According to every authority figure I have ever had, there’s a right way and a wrong way to do things. When advanced Flash video compression first came on the scene in 2005, creating new media juggernauts like YouTube and Google Video, it sent copyright holders spinning on their heads and running for their attorneys. Lawsuits were threatened, videos were pulled down quicker than Madonna’s sheer thong (I love Madge, but this is just wrong) and many predicted the demise of the powerful new sharing technology and the hugely popular sites it had so quickly spawned. That, for the record, was the wrong way to do things.
What YouTube and its peers have done is create access to a massive amount of content that many people, particularly young people with money, would never have had access to. In many cases, these young people discovering new movies, bands and TV shows will then go out and purchase CDs, DVDs, BlurRay discs and MP3s. Most record companies, movie studios and TV networks fought tooth and nail against allowing Duran Duran videos, clips from Caddyshack and 80s SNL episodes from availability on YouTube. Of course they’d rather someone had to buy the material instead of watching it for free online – but they won’t buy anything if they are completely unaware of its existence.
Compressed Flash video has very poor audio and video quality by today’s advanced HD standards. It can’t be easily downloaded, converted to other video formats or burned onto DVDs. It threatens nothing but can offer everything to savvy marketers and enlightened corporate decision makers. And it seems YouTube now offers the ability for these copyright holders to take alternate and potentially profitable measures against folks, in this case yours truly, who upload and share material that they own.
“UMG has claimed some or all audio content in your video One Thirsty Kitty. This claim was made as part of the YouTube Content Identification program.”
Apparently someone at UMG took exception recently to the fact that I used Tom Jones’ What’s New Pussycat? as the soundtrack to my breathtaking masterpiece, One Thirsty Kitty.
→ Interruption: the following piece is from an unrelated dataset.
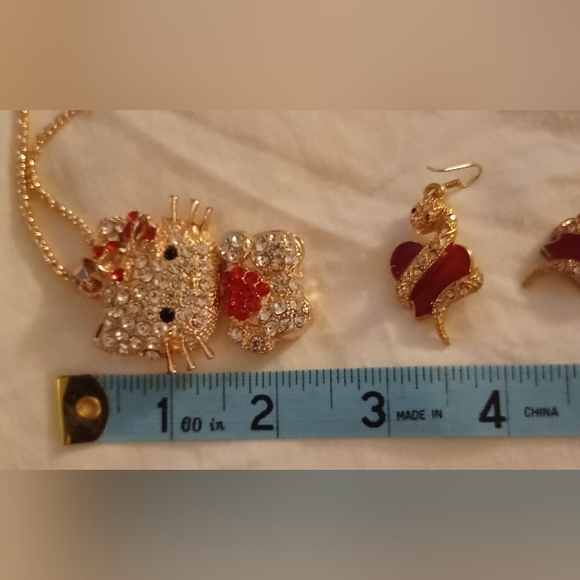 New Golden Crystal Bow Heart Kitty Necklace+Red Heart Wrapped Snake Earrings Set - Picture 11 of 15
This is one of the most highly viewed videos I have created and shared on the network, but their attention was more likely drawn to it because I ‘tagged’ it with the title and artist, hoping that Tom Jones fans might find and enjoy it. In their email to me, however, YouTube mentions an automated method they’ve created that can seek out at least songs automatically: “Partners may use our automated video / audio matching system to identify their content, or they may manually review videos.” Did some sort of spider crawl through my page and discover the use of the song? If so, that’d almost be cool. But let’s be realistic, it was probably a human busybody.
The right way to do something is what YouTube has empowered UMG to do in my case. I get to keep my silly video of Boss online. YouTube gets to keep a half decent and reasonably popular piece of content live, and UMG may someday, if they haven’t already, enjoy sales of Tom Jones CDs, DVDs or MP3s because a surfer heard the song on One Thirsty Kitty and fell in love with it. Apparently they are also now allowed to use the page OTK resides upon for advertising purposes. It’s a clever compromise and it benefits all three parties.
“Your video is still live because UMG has authorized the use of this content on YouTube. As long as UMG has a claim on your video, they will receive public statistics about your video, such as number of views. Viewers may also see advertising on your video’s page.”
Well done, YouTube Content Identification Team, and I sincerely mean that. This is progress.